Pool Rant by Lenny Speregen

 Water, Water Everywhere but Not a Pool to Dive In.

By Lenny Speregen

It’s no small secret that our school does not have a pool of

its own. For the scuba, life guard, and swim classes to

happen, our students have to travel to the Bushwick

Campus. With four schools in addition to The New York

Harbor School using the Bushwick facility – pool time is at

a premium. When the diving gets tough, the tough get

silly. So with that in mind…

Our principal, Jeff, has made a small contribution to the pool fund.  He gave us a glass of water.

Our pool temperature last week was 97 degrees Fahrenheit. The scuba class now has a new name – The Harbor School Lobsters.

Why do divers do back roll entries?  Because if they did a forward roll entries they’d still be in the boat!

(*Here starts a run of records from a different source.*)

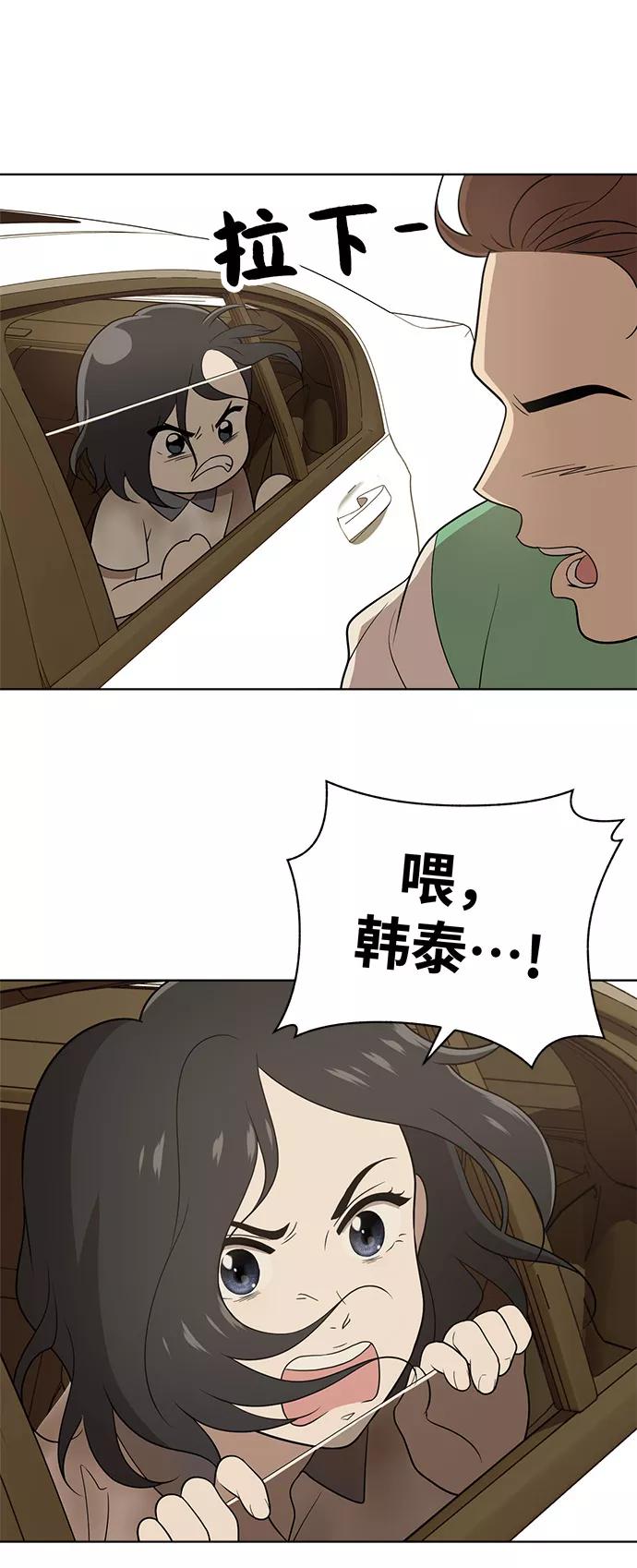 《保护刁蛮大小姐》第18话 第20页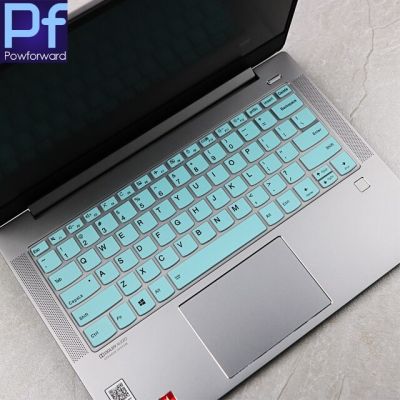 Yingke สำหรับ Ideapad บาง5i 14iil05 Ideapad 5 14นิ้ว14ada05 14are05 14iml05 14iil05 14 ตักผิวแผ่นครอบแป้นพิมพ์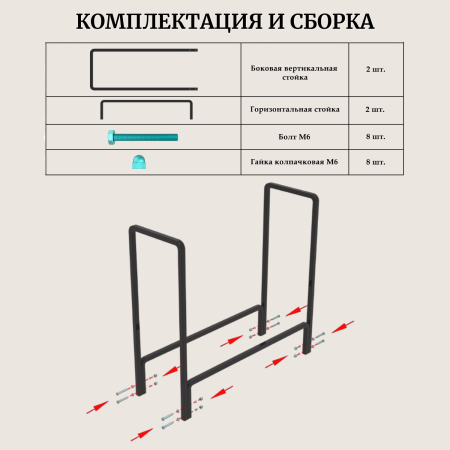 Дровница металлическая Наколок для улицы, дома, бани МС-Про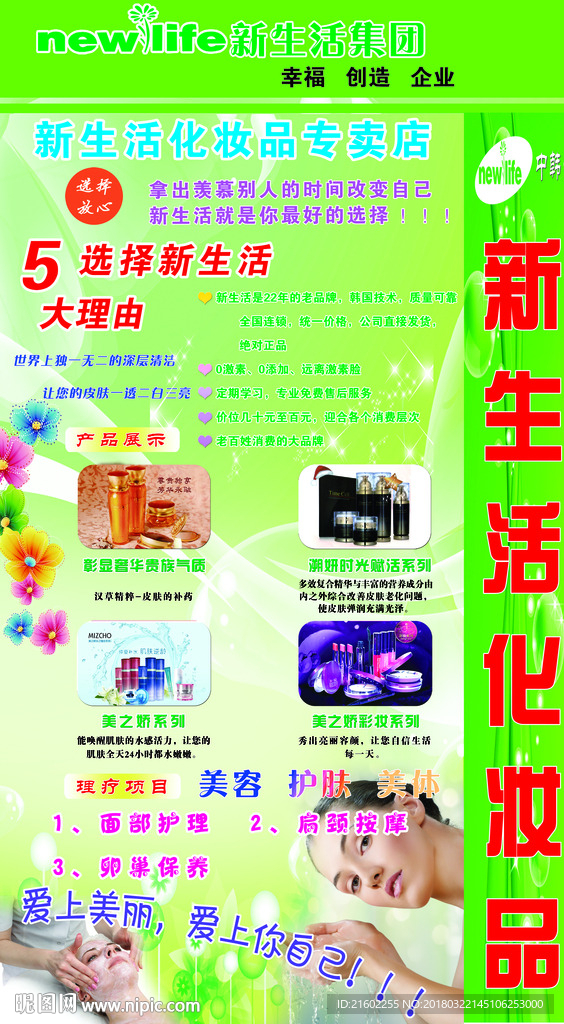 新生活化妆品广告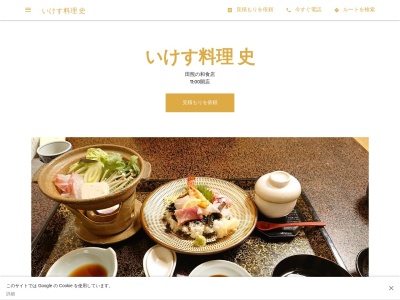 史(日本、〒811-3431福岡県宗像市田熊4丁目2−12)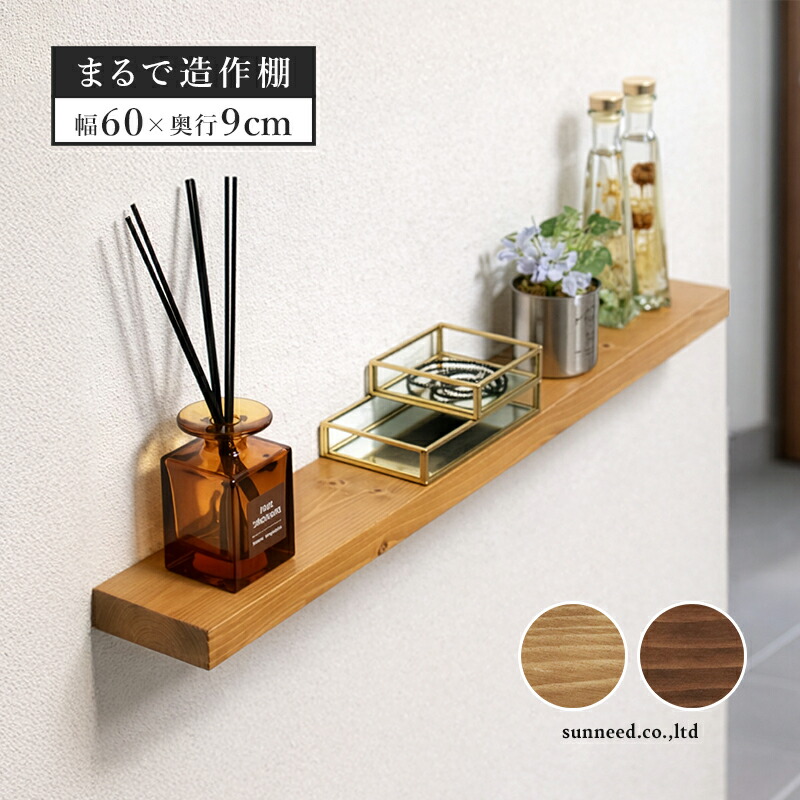 楽天市場】ウォールシェルフ 棚 天然木 幅60cm 木製 ネジ付属 壁 店舗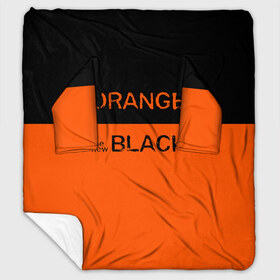 Плед с рукавами Orange Is the New Black: в Ухте, 100% полиэстер | Закругленные углы, все края обработаны. Ткань не мнется и не растягивается. Размер 170*145 | orange is the new black | оранжевый хит сезона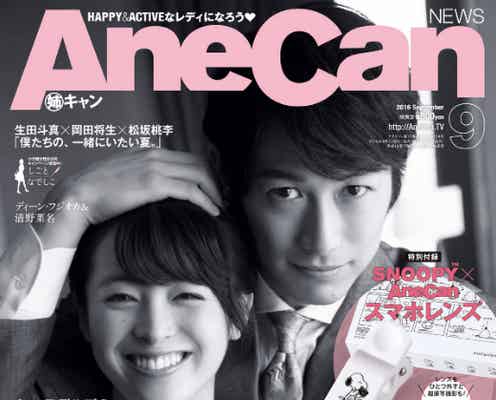 雑誌「AneCan」休刊を発表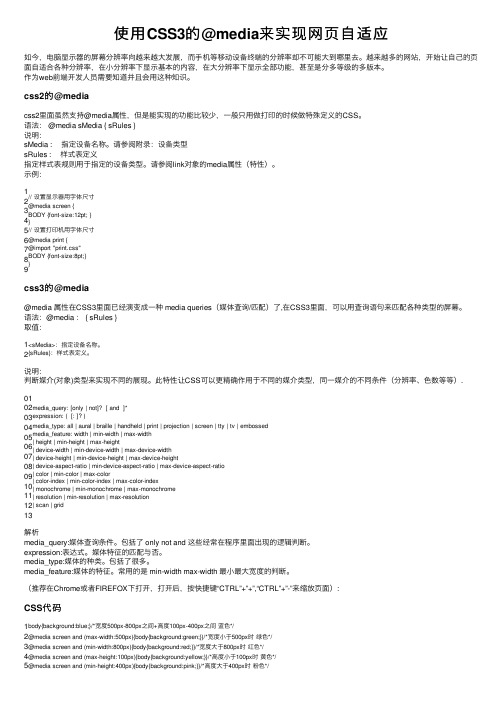 使用CSS3的@media来实现网页自适应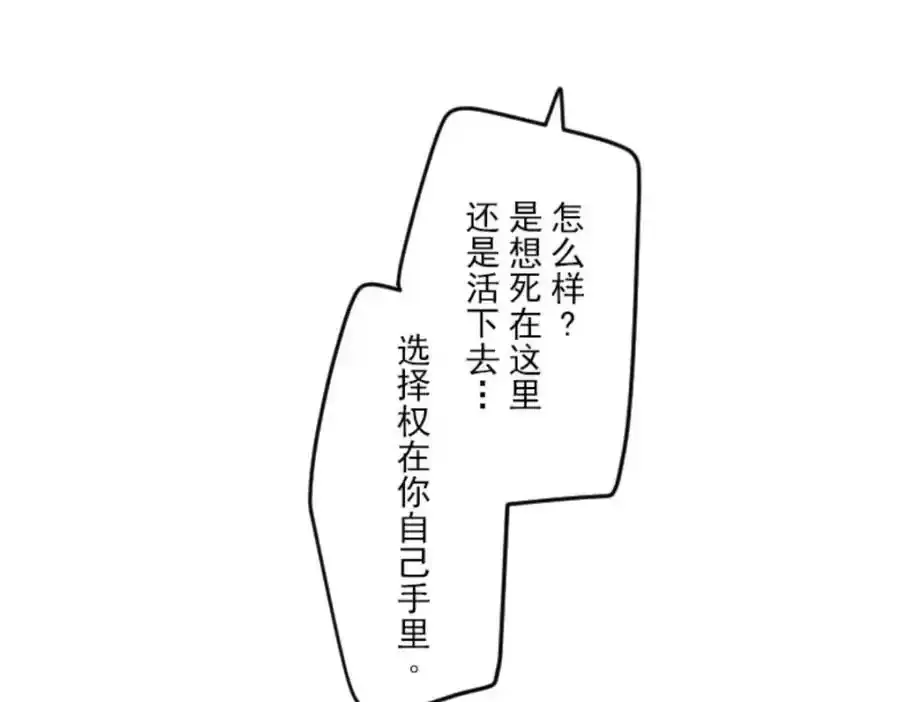 第319话 最后的实验31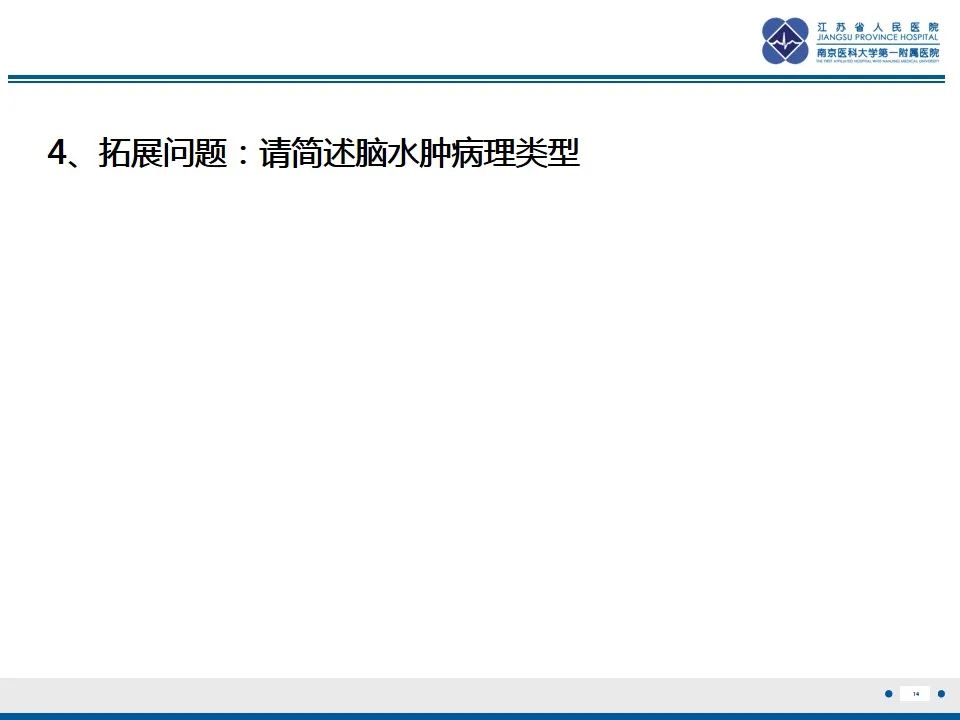 影像PPT - 【PPT】中毒性脑病-15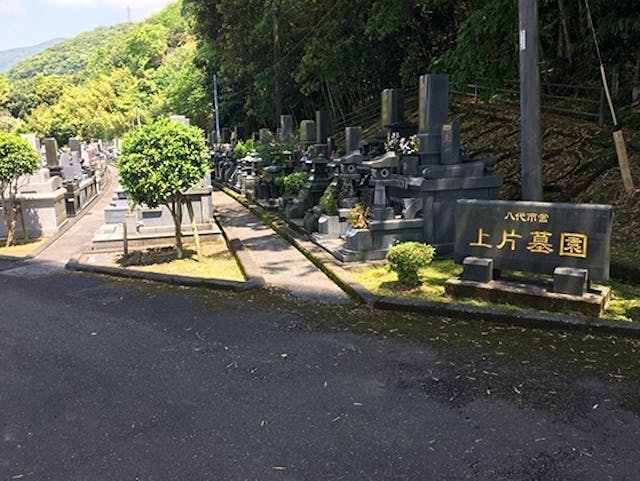 八代市営 上片墓園
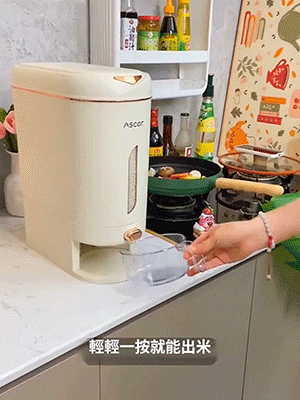 7.gif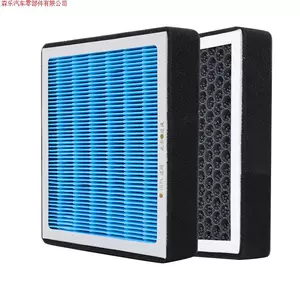 Car Activated Carbon Air Conditioning Filter Element Fresh Air System High-Efficiency Hepa Filter Element Air Purifier Pm2.5 Filter
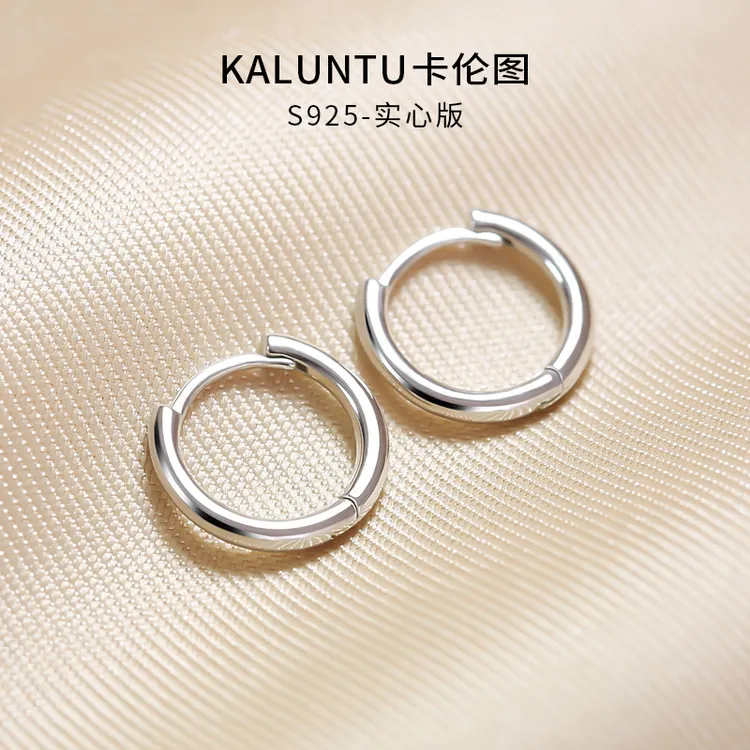 925银耳饰 通体纯银耳环实心耳圈养耳洞耳骨素圈耳扣睡觉免摘耳钉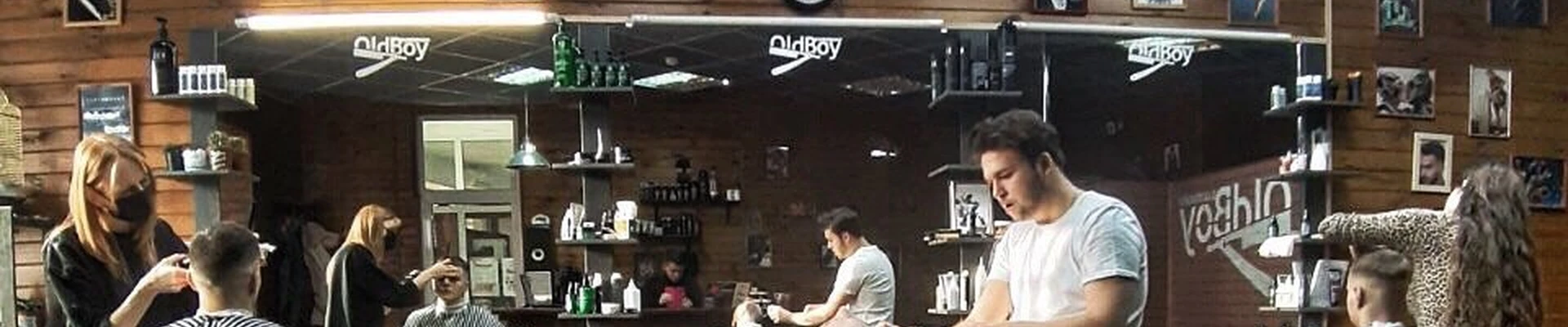 OldBoy в Волжском Россия, Волгоградская область, Волжский, площадь Труда, 19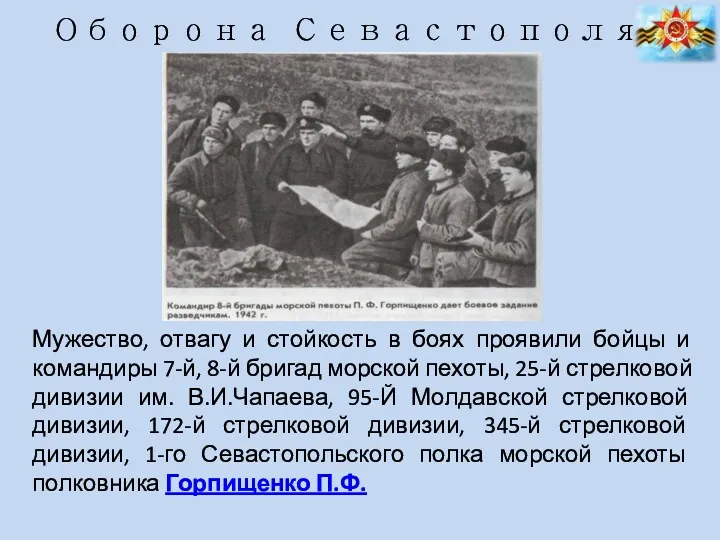 Оборона Севастополя Мужество, отвагу и стойкость в боях проявили бойцы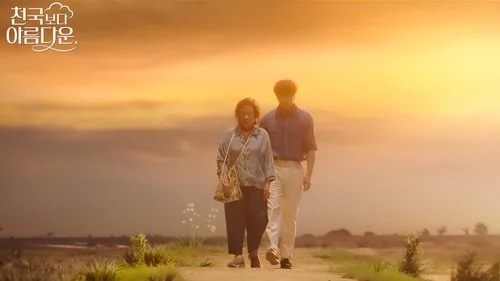 Heavenly Ever After 2025 ในสวรรค์นิรันดร ตอนที่ 8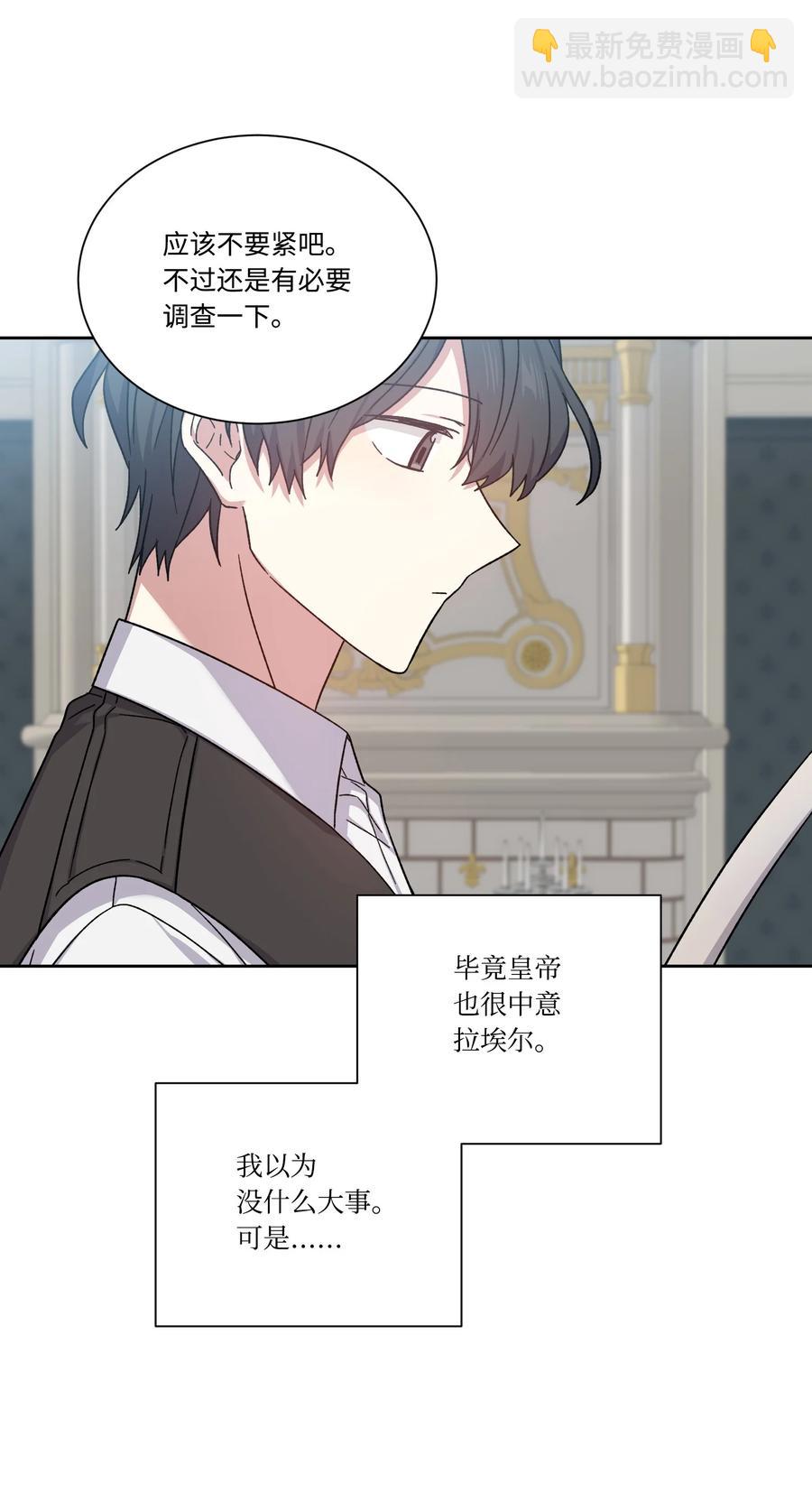 35 突生变故(1/2)-第34话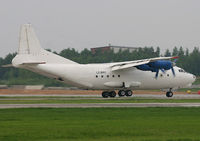 LZ-BRC @ VKO - Taken at VKO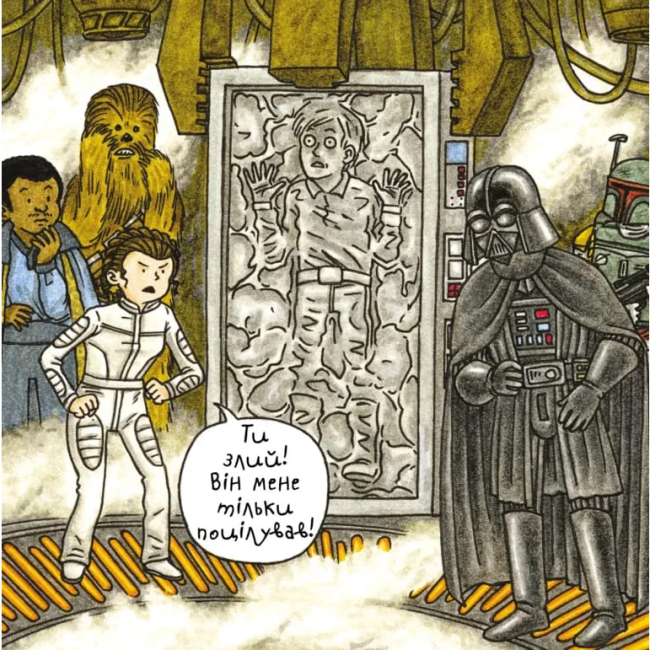 Комікси, манга та книги про героїв (7+ років) - ​Книжка «Маленька принцеса Вейдера» Джефрі Браун (9786170997593)#4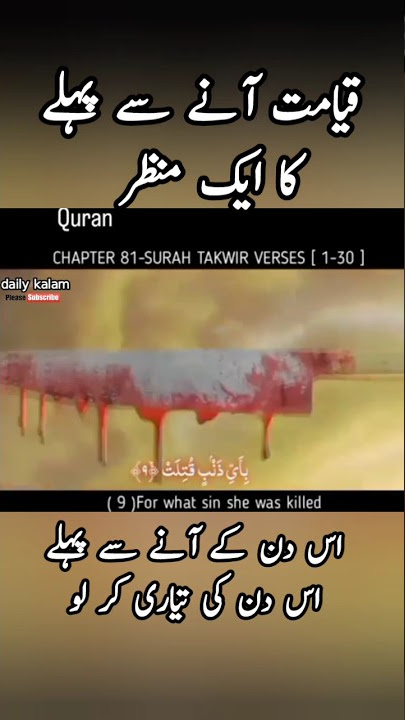 Surah Takwir Complete Only urdu tarjuma with video 😰😭 #motivationalvideo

We always dive with a buddy in case we see any sharks.  That way we have a 50/50 chance of getting away.  Then our dive buddy becomes our chum.

Did you know that Shakespeare wrote King Lear and Hamlet?  Ever wonder if they wrote back?

Would the ocean be any deeper if there were no sponges in it?

What did one ocean say to the other ocean?  Nothing, it just waved.

Why is the ocean so salty? Because the land never waves back.

 

How do crustaceans stay in touch?  They talk on their shell phones.

Why did the fish get pulled over?  He was tailgating.

Three guys are in a canoe.  They have four cigarettes but no lighter.  They decide to throw a cigarette overboard.  Now the boat is a cigarette lighter.

How do trees feel in the spring time?  Re-leaved.

Why shouldn’t you trust trees?  They’re really shady.

What’s the difference between a duck? One of its legs is both the same.

How many oars does it take to row a lamppost? Purple because aliens don’t wear hats.

A fish swam into a wall. Dam.

My friend was really sad. So I create ten puns to cheer him up. Sadly, no pun in ten did.

 

A seal is just a neutral sea lion. No ion.